As a young architect working in the modern world I am always fascinated by older construction drawings that were completed by hand. Today we do everything final in software. It can make one think in a more rectilinear way but it also makes layout out a drawing more of a science than an art.
Now have a gander at the drawings we frequently create in the modern architectural office:
You’ll notice that in the hand drawn sheet that the section is the main piece on the page and it is surrounded by details. This sheet does a good job of showing related drawings. Other sheets I have seen will have some very tangentially related drawings on them. I think a big part if that is just how the hand drawn sheet uses as much of the paper as possible. By fitting a detail wherever it can feet can reduce a sheet or two and thus printing costs.

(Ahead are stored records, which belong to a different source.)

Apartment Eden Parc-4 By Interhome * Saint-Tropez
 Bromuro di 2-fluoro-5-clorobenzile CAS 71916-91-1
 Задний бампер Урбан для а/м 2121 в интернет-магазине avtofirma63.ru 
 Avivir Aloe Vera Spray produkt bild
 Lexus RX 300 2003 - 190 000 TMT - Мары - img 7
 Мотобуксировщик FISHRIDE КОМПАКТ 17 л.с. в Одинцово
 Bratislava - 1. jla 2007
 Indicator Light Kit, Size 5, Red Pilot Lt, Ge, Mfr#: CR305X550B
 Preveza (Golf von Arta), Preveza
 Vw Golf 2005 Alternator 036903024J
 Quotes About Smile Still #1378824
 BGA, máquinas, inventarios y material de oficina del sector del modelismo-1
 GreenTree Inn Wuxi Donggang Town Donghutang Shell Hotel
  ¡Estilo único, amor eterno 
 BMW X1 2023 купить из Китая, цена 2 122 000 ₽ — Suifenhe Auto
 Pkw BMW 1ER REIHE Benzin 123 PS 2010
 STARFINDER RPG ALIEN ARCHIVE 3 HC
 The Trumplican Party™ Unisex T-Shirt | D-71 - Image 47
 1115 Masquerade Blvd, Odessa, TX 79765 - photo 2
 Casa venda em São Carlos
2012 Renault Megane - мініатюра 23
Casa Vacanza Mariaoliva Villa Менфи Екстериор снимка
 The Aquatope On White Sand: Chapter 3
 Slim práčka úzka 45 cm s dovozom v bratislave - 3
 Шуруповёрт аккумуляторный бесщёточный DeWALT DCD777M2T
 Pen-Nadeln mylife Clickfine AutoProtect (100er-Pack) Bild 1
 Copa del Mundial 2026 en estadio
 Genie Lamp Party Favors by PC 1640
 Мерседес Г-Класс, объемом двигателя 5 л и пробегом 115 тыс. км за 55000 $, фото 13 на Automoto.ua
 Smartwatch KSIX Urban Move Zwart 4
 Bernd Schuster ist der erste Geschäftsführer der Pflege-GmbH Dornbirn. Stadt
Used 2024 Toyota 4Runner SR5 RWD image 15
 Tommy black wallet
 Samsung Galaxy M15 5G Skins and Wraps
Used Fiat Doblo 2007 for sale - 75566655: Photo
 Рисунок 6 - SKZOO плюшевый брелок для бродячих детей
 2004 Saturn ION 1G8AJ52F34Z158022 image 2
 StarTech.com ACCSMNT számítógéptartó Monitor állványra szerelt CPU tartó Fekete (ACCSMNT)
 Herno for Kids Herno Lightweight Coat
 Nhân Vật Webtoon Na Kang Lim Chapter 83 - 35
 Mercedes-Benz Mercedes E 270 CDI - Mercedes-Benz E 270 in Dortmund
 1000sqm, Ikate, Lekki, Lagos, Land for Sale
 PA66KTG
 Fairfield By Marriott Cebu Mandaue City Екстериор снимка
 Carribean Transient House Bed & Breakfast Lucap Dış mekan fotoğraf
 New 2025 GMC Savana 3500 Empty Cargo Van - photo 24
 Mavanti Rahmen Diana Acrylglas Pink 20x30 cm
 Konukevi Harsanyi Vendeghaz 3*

Contrast that with my contemporary sheet. It’s crisper and cleaner (ie, lacks a certain character) but all the extra details have their titles lined up both horizontally and vertically. This makes it easier to find a detail, notice the order, but also is less efficient on the page. The hand drawn sheet has notes all over the place (ie, where they fit) whereas mine has notes placed in an orderly fashion – because I have the ability to move things around infinitely.
However, this biggest thing that gets me is that the person who drew that sheet by hand most likely committed to a location on the page before he, or she, know exactly which details where needed. If mine section needs to move to accodate a new detail, i just move it.
Another is that each line was purposely placed by a pencil in a hand. My lines have to go through a mouse and back through a screen. Frequently many have already been drawn as a result of simply creating the floor plan.
What are your fascinations with vintage architectural drawings?